Point-in-Time Columnar Research Store (Arrow + Parquet + DuckDB) Playbook

2026-03-07 · software

Point-in-Time Columnar Research Store (Arrow + Parquet + DuckDB) Playbook

Date: 2026-03-07
Category: knowledge (quant data engineering / reproducible research)

Why this matters

Many quant teams lose edge not because models are weak, but because data truth is inconsistent across backtest, replay, and live monitoring.

Typical failure pattern:

  1. Data is fast but not point-in-time safe (lookahead leaks).
  2. Data is correct but too slow/costly to iterate.
  3. Teams optimize either speed or correctness, rarely both.

A practical fix is a columnar, point-in-time research store:

The key is not the tools alone; it is the contract around time semantics and replayability.
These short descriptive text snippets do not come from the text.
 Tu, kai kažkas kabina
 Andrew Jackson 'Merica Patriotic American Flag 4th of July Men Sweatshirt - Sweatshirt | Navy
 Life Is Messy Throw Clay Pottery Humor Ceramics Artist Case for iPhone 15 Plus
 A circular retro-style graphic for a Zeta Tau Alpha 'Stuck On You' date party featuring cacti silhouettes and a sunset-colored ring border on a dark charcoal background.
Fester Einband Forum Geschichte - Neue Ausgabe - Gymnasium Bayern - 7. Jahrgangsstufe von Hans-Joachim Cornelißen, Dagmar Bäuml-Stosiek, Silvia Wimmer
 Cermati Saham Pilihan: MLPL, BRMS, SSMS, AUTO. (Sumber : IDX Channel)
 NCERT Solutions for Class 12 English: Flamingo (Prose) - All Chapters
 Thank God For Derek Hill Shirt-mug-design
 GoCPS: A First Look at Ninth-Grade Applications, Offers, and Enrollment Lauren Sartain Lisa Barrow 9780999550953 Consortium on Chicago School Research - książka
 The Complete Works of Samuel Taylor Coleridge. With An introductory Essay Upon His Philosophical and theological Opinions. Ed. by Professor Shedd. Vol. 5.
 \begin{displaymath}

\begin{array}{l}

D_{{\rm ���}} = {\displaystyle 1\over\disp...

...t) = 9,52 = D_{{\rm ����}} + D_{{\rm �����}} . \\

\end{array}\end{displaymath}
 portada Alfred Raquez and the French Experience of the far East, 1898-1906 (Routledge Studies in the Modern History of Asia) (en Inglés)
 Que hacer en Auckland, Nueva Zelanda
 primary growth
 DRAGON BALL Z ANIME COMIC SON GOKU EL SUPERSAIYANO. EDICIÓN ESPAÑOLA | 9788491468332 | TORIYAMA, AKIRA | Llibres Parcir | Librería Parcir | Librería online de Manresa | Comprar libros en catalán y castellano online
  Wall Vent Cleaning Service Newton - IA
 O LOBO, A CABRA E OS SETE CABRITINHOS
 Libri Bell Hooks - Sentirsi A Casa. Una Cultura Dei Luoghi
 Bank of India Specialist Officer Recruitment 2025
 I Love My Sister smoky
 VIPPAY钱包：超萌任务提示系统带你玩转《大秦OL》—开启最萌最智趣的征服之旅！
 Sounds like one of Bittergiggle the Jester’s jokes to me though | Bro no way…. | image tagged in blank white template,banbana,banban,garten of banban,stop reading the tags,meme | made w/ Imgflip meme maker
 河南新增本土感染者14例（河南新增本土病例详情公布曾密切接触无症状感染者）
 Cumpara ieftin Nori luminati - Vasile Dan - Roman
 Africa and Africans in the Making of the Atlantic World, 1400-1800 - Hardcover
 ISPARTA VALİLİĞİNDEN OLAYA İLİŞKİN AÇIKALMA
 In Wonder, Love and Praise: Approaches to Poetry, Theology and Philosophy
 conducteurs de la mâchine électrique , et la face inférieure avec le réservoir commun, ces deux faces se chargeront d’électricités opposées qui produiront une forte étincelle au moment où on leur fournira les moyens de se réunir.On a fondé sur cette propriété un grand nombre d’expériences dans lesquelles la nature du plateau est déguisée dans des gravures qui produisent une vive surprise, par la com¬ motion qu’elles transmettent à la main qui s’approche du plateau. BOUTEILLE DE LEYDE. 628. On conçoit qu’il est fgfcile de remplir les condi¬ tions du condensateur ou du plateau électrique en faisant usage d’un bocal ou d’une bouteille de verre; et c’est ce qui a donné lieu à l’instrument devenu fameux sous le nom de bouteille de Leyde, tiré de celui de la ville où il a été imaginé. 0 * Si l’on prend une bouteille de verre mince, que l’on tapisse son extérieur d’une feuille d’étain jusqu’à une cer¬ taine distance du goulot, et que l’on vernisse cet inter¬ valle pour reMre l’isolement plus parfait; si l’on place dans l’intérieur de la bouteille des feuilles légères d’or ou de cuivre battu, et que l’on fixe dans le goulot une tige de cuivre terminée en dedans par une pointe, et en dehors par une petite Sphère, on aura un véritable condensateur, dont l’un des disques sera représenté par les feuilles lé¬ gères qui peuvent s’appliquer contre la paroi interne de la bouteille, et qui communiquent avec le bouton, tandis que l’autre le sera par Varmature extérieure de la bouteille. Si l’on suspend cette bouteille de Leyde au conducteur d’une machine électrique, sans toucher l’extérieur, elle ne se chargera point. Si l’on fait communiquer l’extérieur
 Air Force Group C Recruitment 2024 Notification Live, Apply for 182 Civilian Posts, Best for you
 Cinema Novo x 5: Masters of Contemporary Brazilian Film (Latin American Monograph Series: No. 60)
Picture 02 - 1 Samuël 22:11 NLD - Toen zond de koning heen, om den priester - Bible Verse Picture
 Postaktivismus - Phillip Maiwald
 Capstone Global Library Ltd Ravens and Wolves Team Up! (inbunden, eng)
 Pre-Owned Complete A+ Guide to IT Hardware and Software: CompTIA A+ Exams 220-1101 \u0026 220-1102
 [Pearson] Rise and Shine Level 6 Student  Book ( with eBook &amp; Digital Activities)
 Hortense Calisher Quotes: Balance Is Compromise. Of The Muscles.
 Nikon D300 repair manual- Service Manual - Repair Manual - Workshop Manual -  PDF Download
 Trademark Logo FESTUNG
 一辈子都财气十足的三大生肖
Core design contract (non-negotiable)

For every record, carry at least:

If you store only event_time, you will eventually leak hindsight through late corrections.


Table lanes: split by mutation pattern

Use separate physical lanes instead of one giant “everything” table.

1) Immutable event lane

Examples: trades, quotes, order acknowledgements, fills.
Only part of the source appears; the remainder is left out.